When the first recall came out, I took it in, figuring that this was related to my problem...the mechanic said that the ecu had already been re-programmed...now I have received another notice...
I am pissed..does anyone have an idea re what might have happened? who to talk to?
Thanks for your patience, stevem
#13 of 711 Troubles with Prius
Jun 15, 2004 (6:38 pm)
I was considering buying a Prius, but not any more. Long waiting lists, dealers profiteering, and some really major mechanical problems as reported on this site. Not for me. My next car may well be a diesel, once we get decent fuel here in the USA.
#14 of 711 Re: Dead auxilliary battery after 800 miles [maxvok #5]
Jun 15, 2004 (11:03 pm)
--The following is a quote from Goss' Garage of Motorweek that I think you'll find on point...
...you still have to keep the battery fully charged, and heres where people make a huge mistake. They kill their batteries through overcharging by using a battery charger. No matter how small the battery charger, it can destroy the battery through overcharging. --Pat Goss, Motorweek
...for more helpful hints on battery care (including unhooking the battery) go to Goss' Garage. He's talking about vehicles like snowmobiles, boats, etc., that sit in storage for long periods of time (2-3 weeks does not qualify as a long storage time), but still it may be useful.
Jun 17, 2004 (11:51 am)
I was considering buying a Prius, but not any more. Long waiting lists, dealers profiteering, and some really major mechanical problems as reported on this site. Not for me.

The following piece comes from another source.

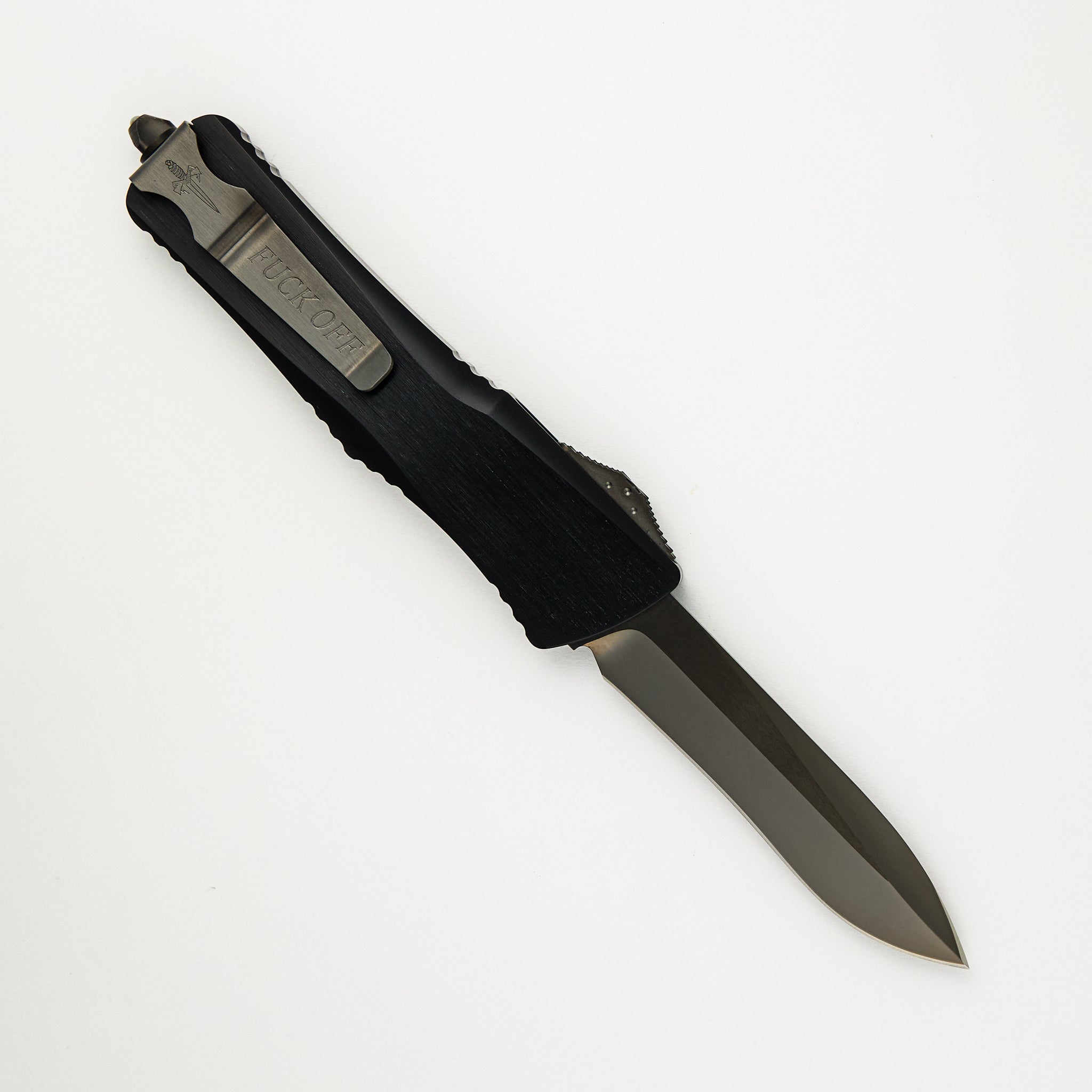 Marfione Custom Knives Combat Troodon - Recurve Polished DLC Blade - Aircraft Alloy Deep Engraved Handle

My next car may well be a diesel, once we get decent fuel here in the USA.
That will be 2006.
By that time, hopefully you will have a much wider choice than the 4 unreliable VWs (Golf, JEtta, beetle and Passat) diesels offered here, and the amazing Mercedes 320 CDI (if you have the $50,000 they charge for it, and if you DO the many miles a year it takes to justify a Diesel).
#16 of 711 Glaring by its absence in this forum
Jun 17, 2004 (11:56 am)
Is the issue of many Prius and other Hybrod owners complaining, and even thinking of SUING,
TOyota and Honda for their EPA MPG claims, that are utterly unrealistic.
Instead of 60 and 68 mpg, owners routinely get at best 40 and 50.
the EPA test favors the Hybrids.
It is NOT a reallife measurement of your hybrid's mpg, but a lab test, whose numbers are arbitrarily adjusted, to add insult to injury.
It is high time that EPA adopts a thorough and accurate ROAD TEST to provide MPG numbers.
Maybe it can Copy EUROPEAN Regulations, that require FOUR Numbers
1. City Driving
2. COuntry Road driving (usually gets the best MOG by far, at a constant 90 kmph)
3. Highway driving at 120 kmph (75 or so miles), a far more realistic number than the EPA's cooked Highway mileage assuming 55 mph!
4. A COMBINED MPG based on the 3 above at different percentages, typical of average usage.